• What needs to be done: Reproduce the listing below exactly, from its first line down to and including the line with "Dressi Black Top".

• Material provided:
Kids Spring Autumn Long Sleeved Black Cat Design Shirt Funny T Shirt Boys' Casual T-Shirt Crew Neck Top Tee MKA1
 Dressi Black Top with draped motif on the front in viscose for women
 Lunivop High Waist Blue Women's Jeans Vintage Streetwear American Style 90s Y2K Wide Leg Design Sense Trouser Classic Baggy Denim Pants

• Completed task:
Kids Spring Autumn Long Sleeved Black Cat Design Shirt Funny T Shirt Boys' Casual T-Shirt Crew Neck Top Tee MKA1
 Dressi Black Top with draped motif on the front in viscose for women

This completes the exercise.